In [5]:
import kagglehub

# Download latest version
path = kagglehub.dataset_download("psparks/instacart-market-basket-analysis")

print("Path to dataset files:", path)

Using Colab cache for faster access to the 'instacart-market-basket-analysis' dataset.
Path to dataset files: /kaggle/input/instacart-market-basket-analysis


In [6]:
import pandas as pd
from mlxtend.preprocessing import TransactionEncoder
from mlxtend.frequent_patterns import fpgrowth, association_rules
import warnings

warnings.filterwarnings('ignore', category=DeprecationWarning)

In [7]:
aisles = pd.read_csv(f"{path}/aisles.csv")
dept = pd.read_csv(f"{path}/departments.csv")
products = pd.read_csv(f"{path}/products.csv")
orders = pd.read_csv(f"{path}/orders.csv")
order_products__prior = pd.read_csv(f"{path}/order_products__prior.csv")
order_products__train = pd.read_csv(f"{path}/order_products__train.csv")

# Preview first 5 rows of one file
# aisles.head()

In [8]:
# ---------------------------
# 2. Helper to Build Order-Product Dataset
# ---------------------------
def prepare_order_products(order_subset, products, aisles, dept, orders):
    return (order_subset
        .merge(products, on="product_id", how="left")
        .merge(aisles, on="aisle_id", how="left")
        .merge(dept, on="department_id", how="left")
        .merge(orders[['order_id','user_id','order_dow','order_hour_of_day']],
               on="order_id", how="left"))

order_products_prior = prepare_order_products(order_products__prior, products, aisles, dept, orders)
order_products_train = prepare_order_products(order_products__train, products, aisles, dept, orders)


In [9]:
# ---------------------------
# 3. Rule Builder
# ---------------------------
def build_rules(order_products, group_col, max_orders=5000, min_support=0.01):
    transactions = order_products.groupby("order_id")[group_col].apply(list).tolist()
    transactions = transactions[:max_orders]

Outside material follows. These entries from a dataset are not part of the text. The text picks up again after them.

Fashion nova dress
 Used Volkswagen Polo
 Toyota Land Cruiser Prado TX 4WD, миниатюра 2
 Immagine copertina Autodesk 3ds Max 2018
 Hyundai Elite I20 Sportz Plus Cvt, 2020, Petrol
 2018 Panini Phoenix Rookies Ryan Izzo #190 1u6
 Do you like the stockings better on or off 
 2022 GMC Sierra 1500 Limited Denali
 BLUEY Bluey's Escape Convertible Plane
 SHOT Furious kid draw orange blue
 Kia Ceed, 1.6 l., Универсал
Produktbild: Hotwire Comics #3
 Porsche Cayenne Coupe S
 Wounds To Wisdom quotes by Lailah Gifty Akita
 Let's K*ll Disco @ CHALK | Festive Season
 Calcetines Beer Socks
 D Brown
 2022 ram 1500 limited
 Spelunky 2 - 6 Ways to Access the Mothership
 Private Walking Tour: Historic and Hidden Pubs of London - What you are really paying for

    te = TransactionEncoder()
    te_ary = te.fit(transactions).transform(transactions)
    df = pd.DataFrame(te_ary, columns=te.columns_)

    frequent_itemsets = fpgrowth(df, min_support=min_support, use_colnames=True)
    rules = association_rules(frequent_itemsets, metric="lift", min_threshold=1.0)
    rules = rules.sort_values(by=["confidence","lift"], ascending=False)

    return rules



In [10]:
# ---------------------------
# 4. Recommendation Function
# ---------------------------
def recommend(cart_items, rules, top_n=5):
    cart_items = set(cart_items)
    recs = []
    for _, row in rules.iterrows():
        if row['antecedents'].issubset(cart_items):
            for consequent in row['consequents']:
                if consequent not in cart_items:
                    reason = (f"Because you bought {', '.join(row['antecedents'])}, "
                              f"customers also often buy {consequent}")
                    recs.append((consequent, reason, row['confidence'], row['lift']))

    recs = sorted(recs, key=lambda x: (x[2], x[3]), reverse=True)

    seen, final_recs = set(), []
    for r in recs:
        if r[0] not in seen:
            final_recs.append(r)
            seen.add(r[0])
        if len(final_recs) >= top_n:
            break
    return final_recs



In [11]:
# ---------------------------
# 5. Build Rules Separately for Prior and Train
# ---------------------------
rules_prior_product = build_rules(order_products_prior, "product_name")
rules_train_product = build_rules(order_products_train, "product_name")


In [12]:
# ---------------------------
# 6. Test Recommendations
# ---------------------------
cart_products = {"Bag of Organic Bananas", "Whole Milk"}

print("\n=== PRIOR ORDERS: PRODUCT-LEVEL RECOMMENDATIONS ===")
for item, reason, conf, lift in recommend(cart_products, rules_prior_product, top_n=5):
    print(f"- {item} | {reason} (confidence={conf:.2f}, lift={lift:.2f})")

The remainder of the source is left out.